Model Conversion and Quantization

To employ transformers/pytorch models within llm-rs, it is essential to convert them into the GGML model format. Originally, this conversion process is facilitated through scripts provided by the original implementations of the models. An example can be found here. The scripts will generate a GGML model in an fp16 format, which can be utilized with llm-rs. However, for optimal performance and efficient usage, it is advisable to proceed with quantizing the models.

Automated Conversion Capabilities

The llm-rs package offers a powerful feature to automatically convert any supported Huggingface transformers model to a format compatible with our system. This ease-of-use functionality requires additional dependencies which can be installed using the command: pip install llm-rs[convert].

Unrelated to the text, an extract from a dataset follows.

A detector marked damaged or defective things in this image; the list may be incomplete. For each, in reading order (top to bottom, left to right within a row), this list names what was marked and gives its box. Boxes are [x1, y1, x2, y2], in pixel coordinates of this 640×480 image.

You can access the automatic conversion feature via the llm_rs.convert module. Within this module, an AutoConverter utility is provided. This intelligent tool automatically discerns the architecture of a specified Huggingface model and selects the appropriate converter for the job.

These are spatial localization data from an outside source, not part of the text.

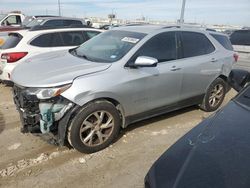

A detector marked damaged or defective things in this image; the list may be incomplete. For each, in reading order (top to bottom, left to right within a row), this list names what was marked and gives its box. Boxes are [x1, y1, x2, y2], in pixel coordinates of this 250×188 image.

crumpled hood [11, 50, 111, 88]
damaged front end [11, 85, 77, 145]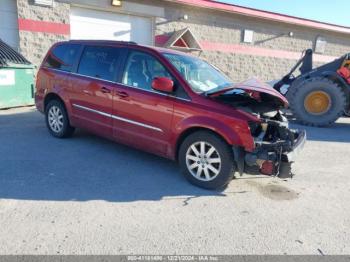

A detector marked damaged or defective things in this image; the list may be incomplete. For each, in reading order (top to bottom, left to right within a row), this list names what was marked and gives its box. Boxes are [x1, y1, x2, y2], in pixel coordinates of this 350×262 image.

crumpled hood [208, 77, 288, 107]
damaged front end [211, 77, 306, 178]
broken front bumper [235, 129, 306, 178]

Here is an illustrative example of the AutoConverter in action:

from llm_rs.convert import AutoConverter

# Specify the model to be converted and an output directory
export_folder = "path/to/folder" 
base_model = "EleutherAI/pythia-410m"

# Perform the model conversion
converted_model = AutoConverter.convert(base_model, export_folder)

If you provide a directory as an export target, the AutoConverter will automatically generate the name for the converted model. If you provide a specific file path, this path will be directly used for the converted model. The conversion function then returns the file path of the converted model.

Manual Conversion

In cases where the AutoConverter is unable to accurately determine the architecture of your model, you have the option to manually specify the architecture by selecting the corresponding converter. These specialized converters are found in the llm_rs.convert.models module.

Here is an example of manual conversion:

from llm_rs.convert.models import Gpt2Converter

# Define the model to be converted and the output path
base_model = "cerebras/Cerebras-GPT-111M"
export_file = "path/to/model.bin"

# Perform the model conversion
Gpt2Converter(base_model).convert(export_file)

In this example, the Gpt2Converter is specifically chosen to convert the specified model and save it to the provided file path. With this feature, you retain full control over the conversion process, ensuring the best compatibility with llm-rs.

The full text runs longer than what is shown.